Except by me. I watch them come, drifting like ash, sometimes slowly and sometimes sifting through the rain in countless thousands. This ground, this holy and terrible country, is theirs: the killed.
There is no sun and there is no day, so it seems strange to begin a story thus: one day I saw something I had not seen in all the long ages of my watching.
There was something moving where nothing had ever moved. Something that fluttered, like a thought made real, and it twisted and jerked over the fields of the dead.
It was shaped like a man. It knelt over down, plucked something from the ground, then hopped sideways as if dancing a jig. It jiggered and skipped and plucked, and when it was near enough I saw that it was indeed a man.
It straightened to face me. Arranged its face into a pale smile.
"You don't know me, do you?" The man gestured in a wide and loving circle. "I have sent you so many. So many."
He jingled something in his breeches and I realized what he'd been plucking from the ground: the coins from the eyes of the dead.
He saw me frown but did not quail although my rage can be terrible. "Ah," he stated. "The coins." The smile opened into a grin. "Waste not." And he wiped the rain from his lips. "Do you know my name?" he said. "Have you guessed it?"
I made no answer. An eternity of silence makes thought more habitual than speech.
He leaned closer. His eyes were so bright in that grey place, and he they were open, unblinking, in the rain.
"I am Calvar Rex."
"Go," I finally said. "This is not your place. This is holy--"
"Holy ground," he finished. "Yes, yes, It is not ours to consecrate, we cannot hallow this ground of the fallen, blah blah blah. It matters not."
I felt a heat growing in me where for so long there had only been cold.
"Your fallen," he said, his lips pulled back from his teeth, "Your fallen will burn.

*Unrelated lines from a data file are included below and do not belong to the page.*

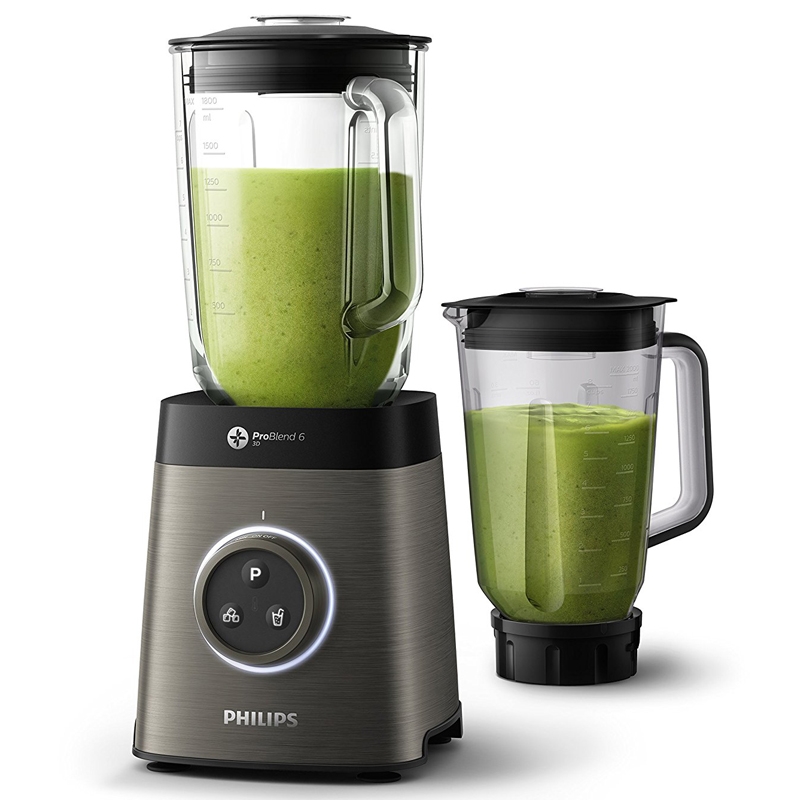 Philips HR3657/90 Premium Smoothie-Maker mit Behälter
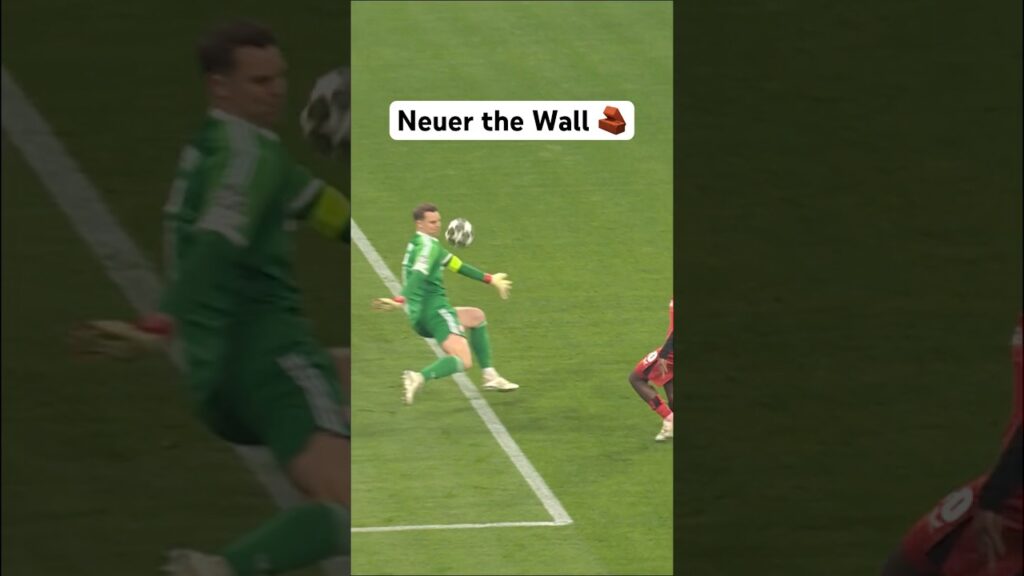 Neuer is there when you need him 🥰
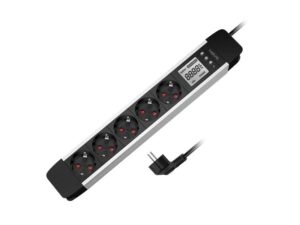 LOGILINK Produžni kabl LCD displej potrošnje, aluminijum, 5 mesta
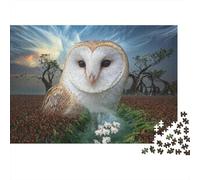 Puzzle Barn Owl 1000 Pezzi Per Bambini E Adulti, Gioco Educativo, Impegnativo Rompicapo Con Water Plants, Regalo Per Bambini E Adulti 52x38cm/1000pcs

Your graveyard will burn. This country will burn. All of it."
The anger warmed me and one hot-breathed word erupted past scalding lips.
"GO!" And the terrible fire of the holy glowed in that dark place. It glowed long enough for me to see his grin as he tattered like fog and fled.
The rain and the dead still came, as they always had and always would. As my heat faded I swore I would remember his name.